Your reply should reproduce each line below exactly and carry none of the pictures.

• [Dataset extract]
--

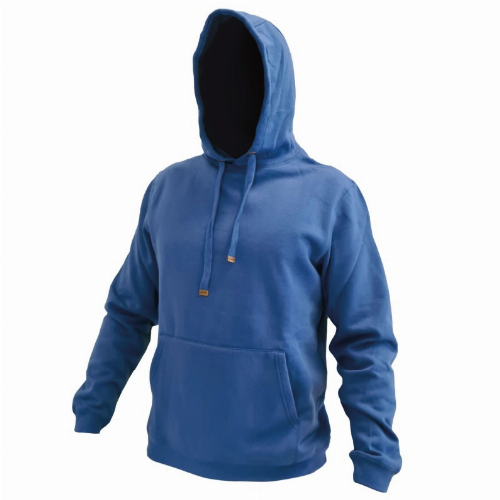 POLERON HOODIE CANGURO UNISEX AZULINO T/S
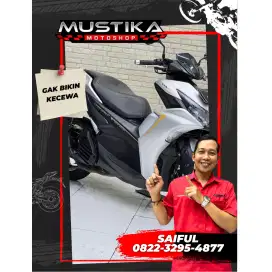 Perfect Condition!!Yamaha Aerox ABS 2022 N Asli Mulus Murah-Mustika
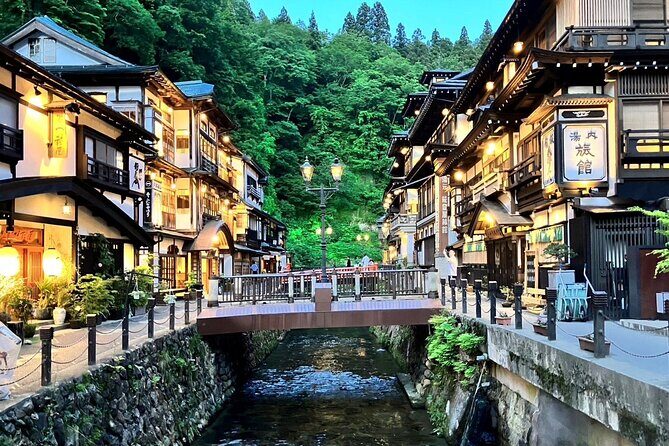 Private Transfer to Ginzan Onsen from Oishida Station - Private Transfer to Ginzan Onsen from Oishida Station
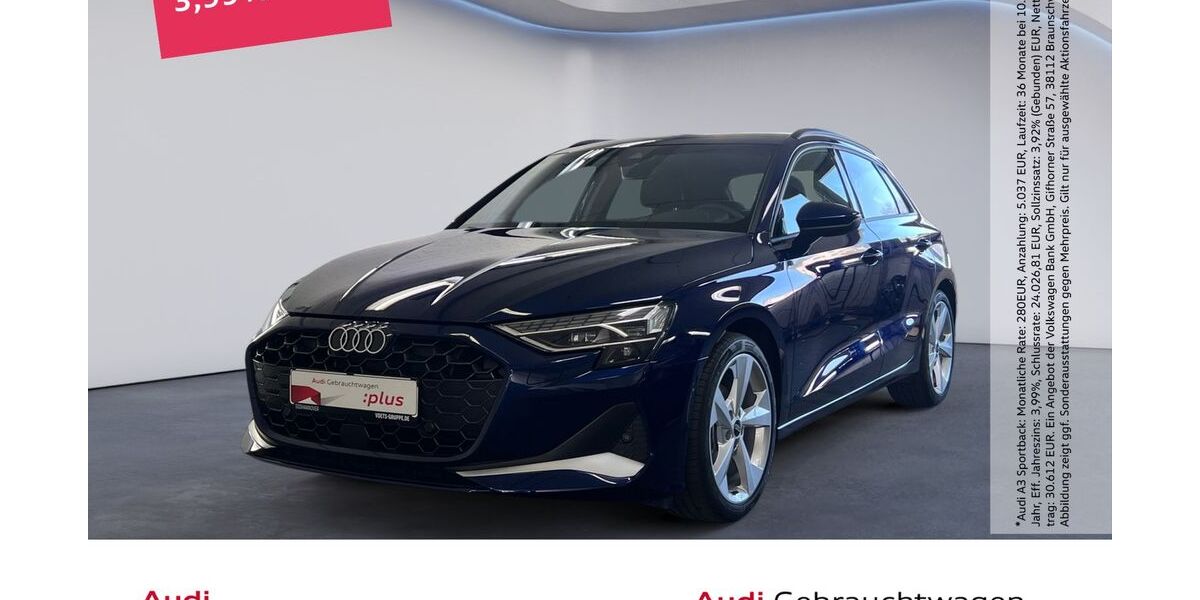 Audi A3 9.803 km 36.480 &euro; Göttingen OT Grone 37081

--

• [Result of the exercise]
 POLERON HOODIE CANGURO UNISEX AZULINO T/S
 Perfect Condition!!Yamaha Aerox ABS 2022 N Asli Mulus Murah-Mustika
 Private Transfer to Ginzan Onsen from Oishida Station - Private Transfer to Ginzan Onsen from Oishida Station
 Audi A3 9.803 km 36.480 &euro; Göttingen OT Grone 37081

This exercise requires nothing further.